Fortunately, bulging biceps or toned pectorals are not a requirement for engaging in Ivy’s laid-back charms today.

Another Ivy obsession is the “sack suit”, in which the tailored jacket is free of the vertical incisions, called “darts”, that give shape to the chest. As Boyer relates, this was not so much an Ivy innovation, but rather the result of clinging to an earlier style of tailoring before the genre grew more shaped and sculptural in the 1920s with the advent of the “English drape cut”, which gave men a V-shaped silhouette with strong shoulders and a nipped waist.

“The sack suit has been around for a long time,” Boyer says. “And people like Brooks Brothers, who invented that look and were the main distributors of it here, didn’t take up the drape cut. There was a longer tradition of the sack suit and they kept to it.”

Take a note: Ivy honours tradition, wherever it comes from.

If there’s any quality that isn’t Ivy, it’s newness. Clothes were meant to look lived-in or, even better, passed down. So prized is wear-and-tear that Columbia professor Edward Said famously witnessed two of his classmates at Princeton attacking their brand-new button-down shirt collars with sandpaper, an anecdote recounted in his 1991 memoir Out Of Place.

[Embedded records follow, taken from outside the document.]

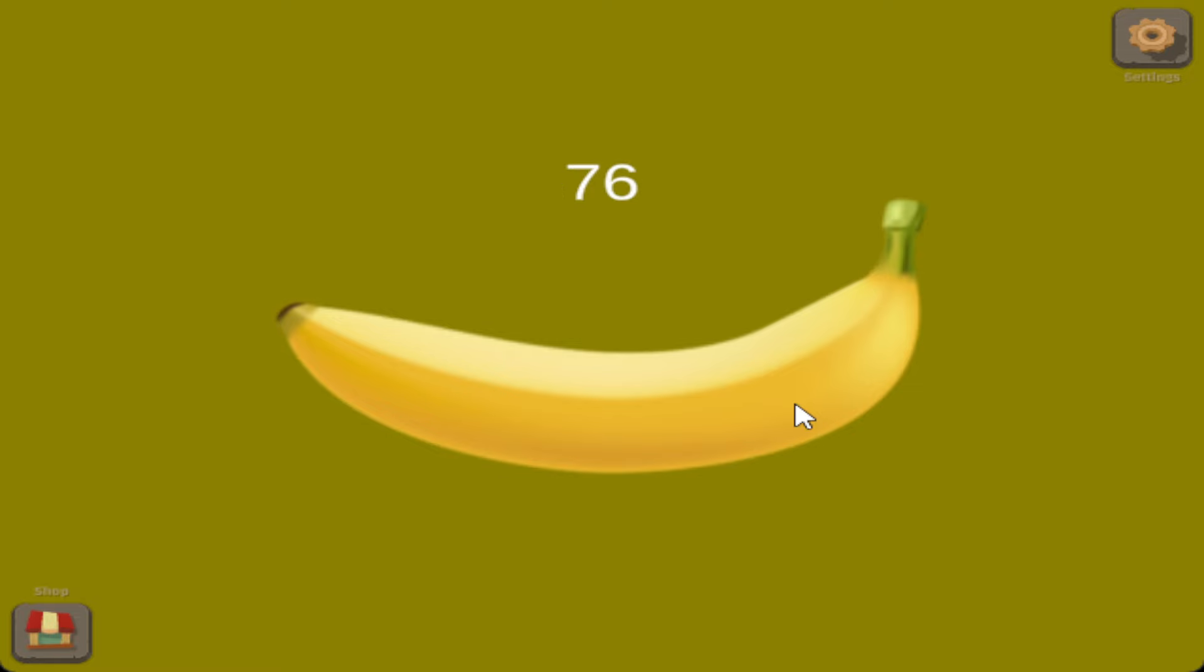But you just click this and you get like random bananas. Just randomly, every three minutes you have a chance of getting a banana. I think this is kind of a stupid thing. I don't know why you'd want to play this game, but if you just run it in the background I guess you can make some money.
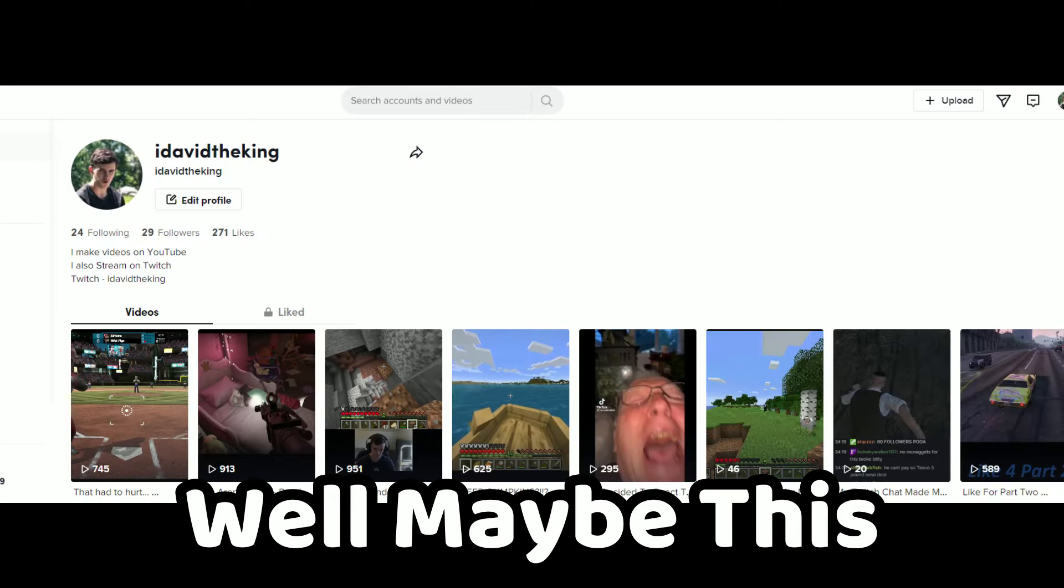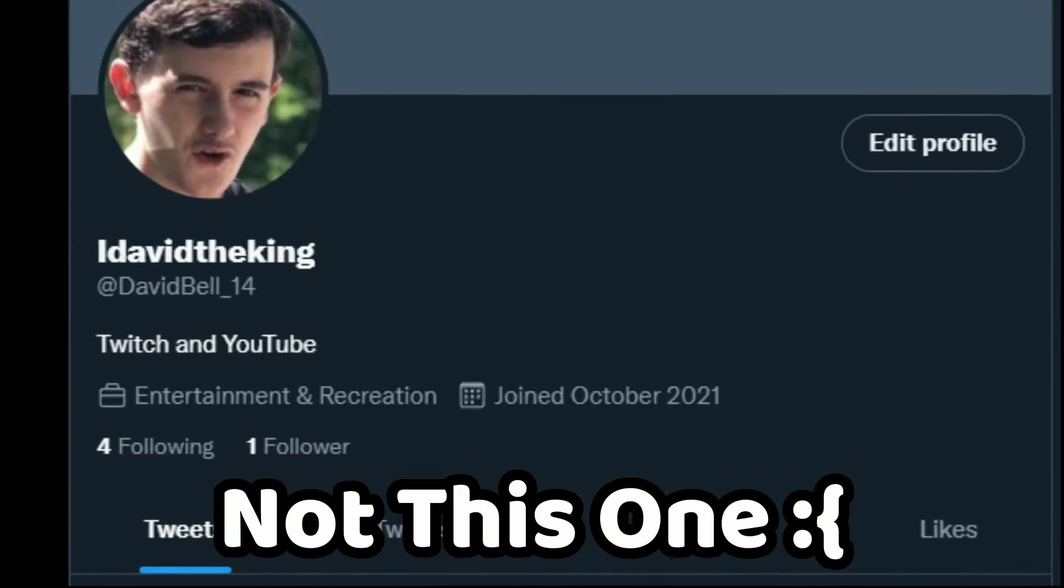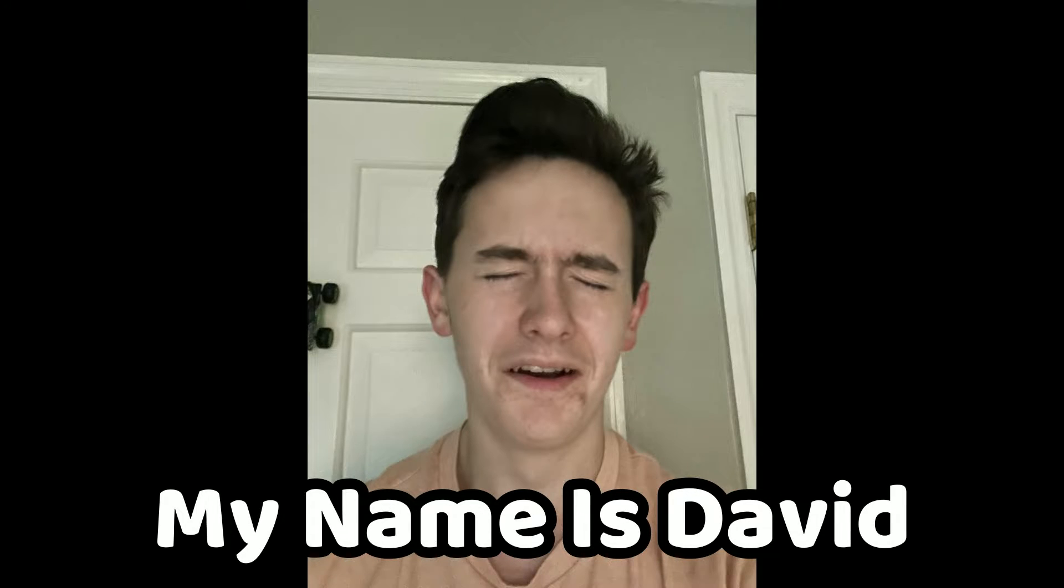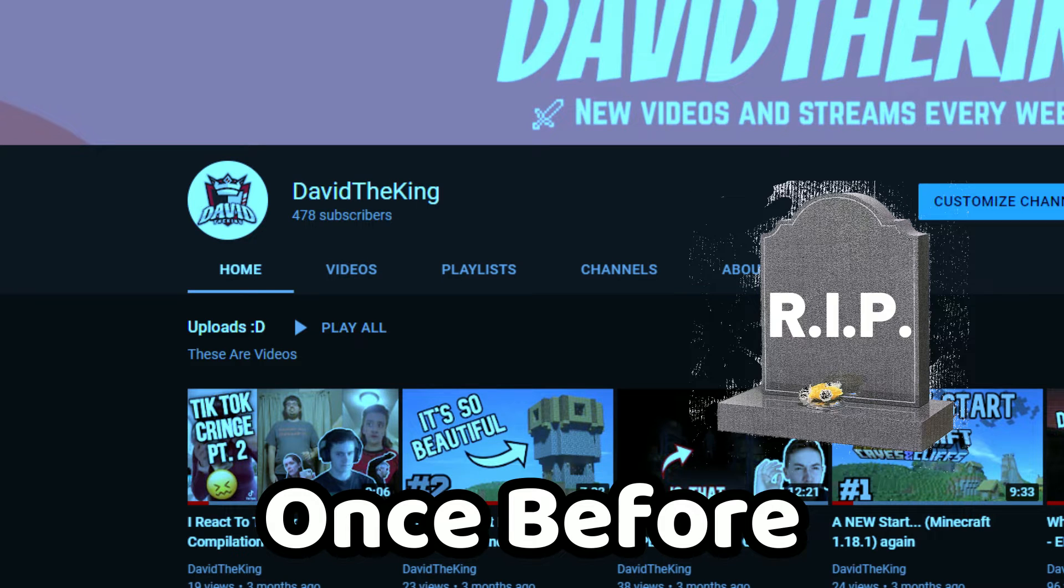It's been a while. Well, maybe this, definitely not this one. Anyways, it doesn't matter. My name is David, or ldavidtheking, and I'm just a content creator trying to have fun. I've already tried it once before, so if you're coming from my old channel, please consider subscribing.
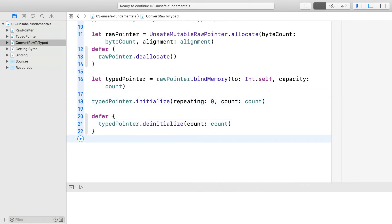You also need to remember to de-initialize, but remember not to de-allocate it. That is the job of the raw pointer. Of course, you can use this just as before.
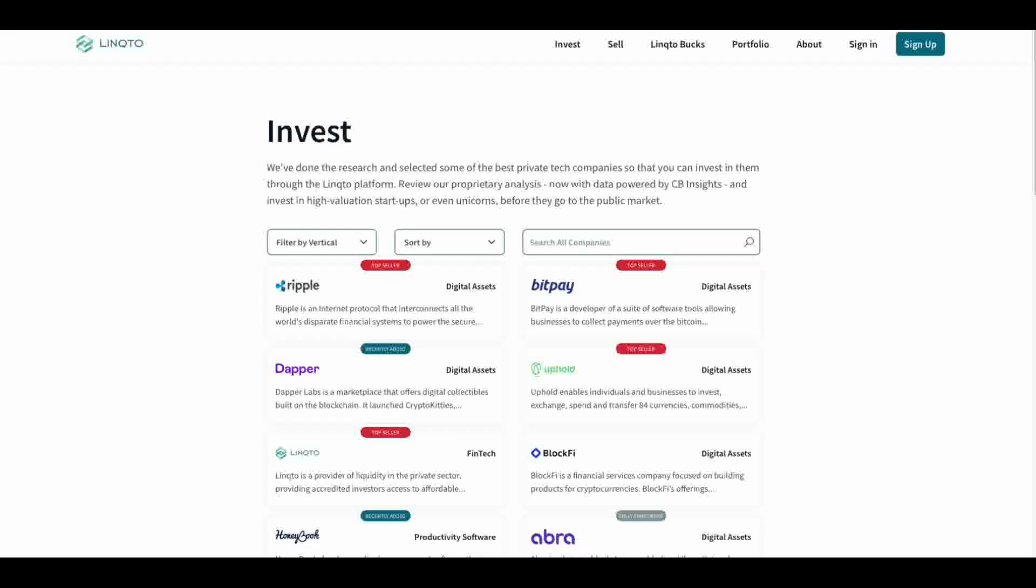Hey everybody, this is the Digital Asset Investor. And boy, do I have something interesting for you towards the end of this video. Wowzers. That's all I got to say. I'll give you a hint.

Constantine Valhouli, the author of Miles, Chet, Ralph & Charlie: An Oral History Of The Andover Shop, connects this virtue back to the Anglo character that shaped so many of the schools and the campus shops that served them. “That comes from an older British tradition of wearing things until they’re just gorgeously worn, even tattered,” he says. “It goes without saying that things had to be made beautifully and fit beautifully, just worn beyond the point of propriety.”

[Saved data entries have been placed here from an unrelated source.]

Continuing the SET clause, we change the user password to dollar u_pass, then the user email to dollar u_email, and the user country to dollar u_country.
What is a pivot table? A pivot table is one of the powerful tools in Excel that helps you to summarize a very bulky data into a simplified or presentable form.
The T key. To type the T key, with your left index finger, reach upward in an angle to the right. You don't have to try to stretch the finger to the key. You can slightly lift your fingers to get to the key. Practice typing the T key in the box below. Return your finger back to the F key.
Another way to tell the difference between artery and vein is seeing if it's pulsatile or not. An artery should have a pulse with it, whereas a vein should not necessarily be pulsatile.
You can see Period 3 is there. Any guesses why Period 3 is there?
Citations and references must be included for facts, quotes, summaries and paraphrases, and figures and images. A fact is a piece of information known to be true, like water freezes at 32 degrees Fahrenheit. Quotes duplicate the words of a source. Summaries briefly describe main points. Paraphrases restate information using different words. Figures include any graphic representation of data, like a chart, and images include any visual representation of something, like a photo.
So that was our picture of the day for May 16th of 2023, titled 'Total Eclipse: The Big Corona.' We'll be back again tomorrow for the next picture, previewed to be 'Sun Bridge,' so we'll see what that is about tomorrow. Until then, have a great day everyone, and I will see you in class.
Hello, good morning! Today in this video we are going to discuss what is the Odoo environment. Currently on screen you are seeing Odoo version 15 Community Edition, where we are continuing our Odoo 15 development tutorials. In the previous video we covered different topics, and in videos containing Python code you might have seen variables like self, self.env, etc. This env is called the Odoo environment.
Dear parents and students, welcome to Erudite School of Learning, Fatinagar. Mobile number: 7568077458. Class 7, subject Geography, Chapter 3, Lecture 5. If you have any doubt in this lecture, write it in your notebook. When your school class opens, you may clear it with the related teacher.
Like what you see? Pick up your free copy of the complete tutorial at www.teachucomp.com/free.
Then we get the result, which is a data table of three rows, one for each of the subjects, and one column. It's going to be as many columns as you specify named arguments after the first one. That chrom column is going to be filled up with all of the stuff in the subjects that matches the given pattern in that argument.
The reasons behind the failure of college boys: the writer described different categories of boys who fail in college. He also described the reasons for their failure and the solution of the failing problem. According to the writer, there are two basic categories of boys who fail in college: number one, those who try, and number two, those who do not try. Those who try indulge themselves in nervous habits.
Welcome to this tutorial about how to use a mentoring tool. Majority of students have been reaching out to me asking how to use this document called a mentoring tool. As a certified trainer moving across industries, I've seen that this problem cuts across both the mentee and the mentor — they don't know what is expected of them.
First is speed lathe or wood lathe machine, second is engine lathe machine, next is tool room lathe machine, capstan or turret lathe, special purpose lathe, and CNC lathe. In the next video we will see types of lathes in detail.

Needless to say, that point is decided by the wearer – and until then, the clothing should continue to be worn with full confidence.

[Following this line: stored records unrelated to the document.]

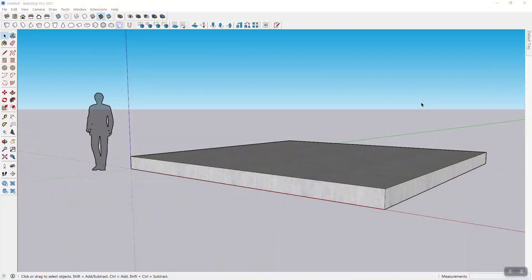Hi there and welcome back to one of my SketchUp tutorials. In this tutorial I want to show you how to make a log home.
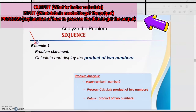Before we continue, we have three types of control structures: the first one is sequence, the second is selection, and the third is looping or repetition. The first example is for sequence.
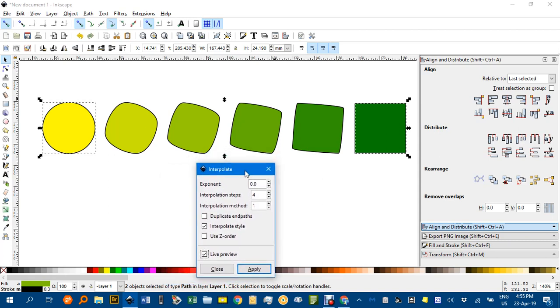So there you go. That's one little workaround breaking each path at a point and then applying the interpolate extension. As always, thanks for watching.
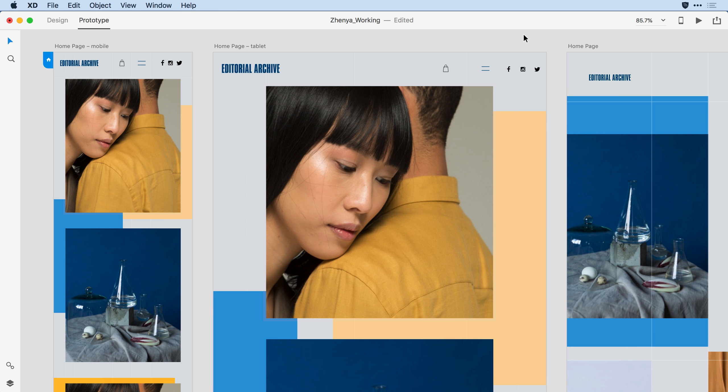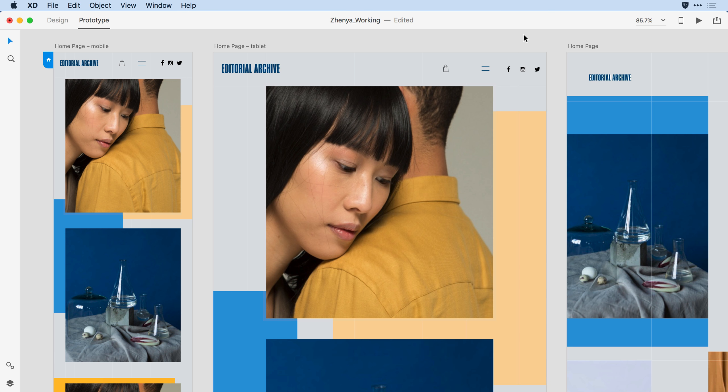Have you ever wanted to add or remove stakeholders from a prototype or a design spec after you've published the design to the web? With the latest version of Adobe XD, you have complete control over who has access to your work in both the desktop application and the web browser interface.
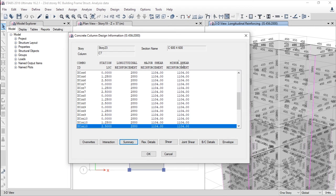We can see the minor shear reinforcement value, the major shear reinforcement value, and the longitudinal main reinforcement. The station location is also given.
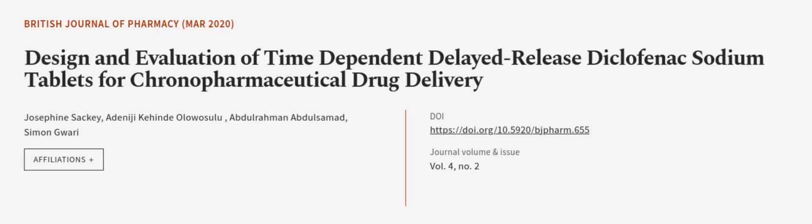This was followed by a burst release and complete drug release of 98.51%. This article was authored by Josephine Sapki,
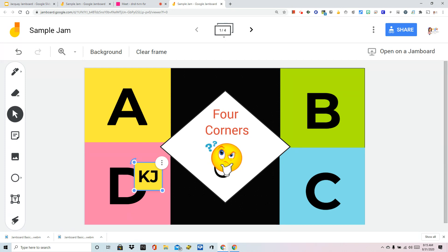It's all about collaboration. I hope this series of videos got you one step closer to using Jamboard to increase participation in your Google Meets.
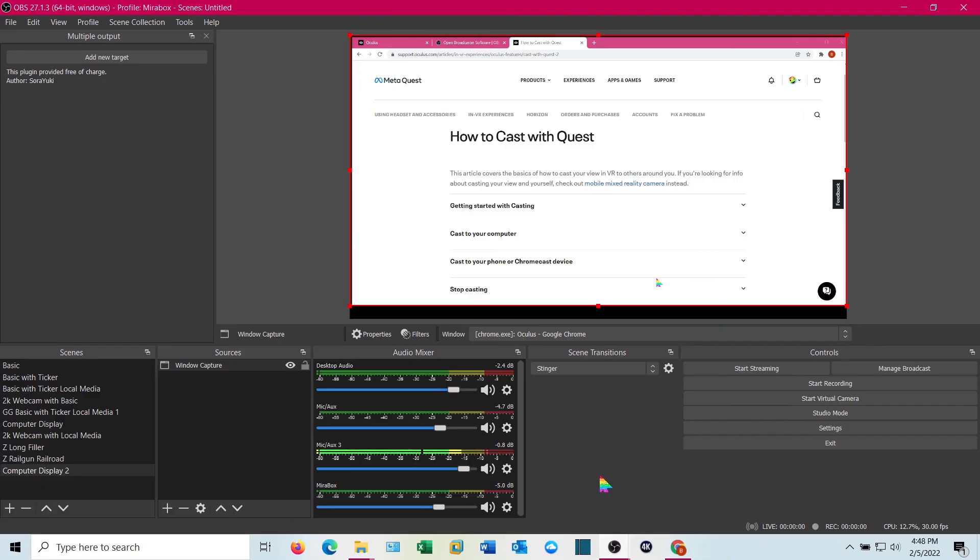That is not the highest resolution video you can get, but it's free, does not require anything else, and it's easy enough to share. And that's how you do it.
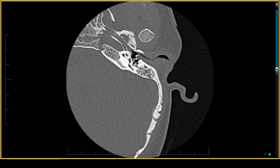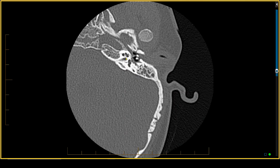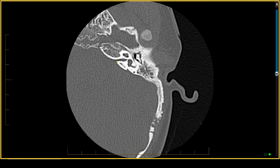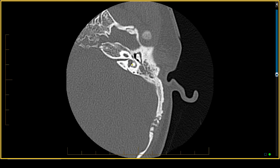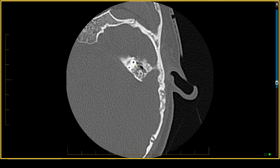Looking at the contralateral side, it too has this low density around the cochlea, again identifying the otospongiosis. Once again we have cochlear aperture stenosis and a narrowed internal auditory canal. This patient with Down syndrome has a normal bone island and a normal appearing vestibule and lateral semicircular canal.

While Ivy abhors a logo, the style has quiet visual signifiers of its own. Chiefly, the monogram and the club tie, which came with their own unspoken rules.

“The bad signifiers were logos, or anyone’s initials who are not your own – unless they’re a member of your family,” Valhouli says of one particular prohibition. “It’s one thing to wear your uncle or your father’s monogrammed shirts. They can be passed down.”

Club ties, meanwhile, signalled membership in closed societies through specific sigils whose importance would be lost on the public at large. “I think there is a quiet, understated sense of status for those who can read club neckties that don’t have anything except a symbol recognised by other members of the club,” Valhouli says.

And should your club tie literacy prove lacking, you can always start your own.

Another idiosyncratic detail of the Ivy blazer is the three-roll-two, in which a jacket has three buttons, but only the centre is intended to be fastened. As a result, the top button discreetly “rolls” under the lapel, semi-visible if at all.

As Boyer relates, this is actually a fashion trend – albeit one from the Edwardian era, where three- or even four-button jackets were the norm. Young men feeling dandyish would forgo the top button to show off more of the necktie and gradually began turning it down to show off even more woven silk real estate.

“I think it at first was just a more expressive way of dressing for guys who were into it. And then at some point, it becomes the norm,” he says.

Enough of a norm that the three-roll-two has broken out of Ivy and often features on Neapolitan tailoring today.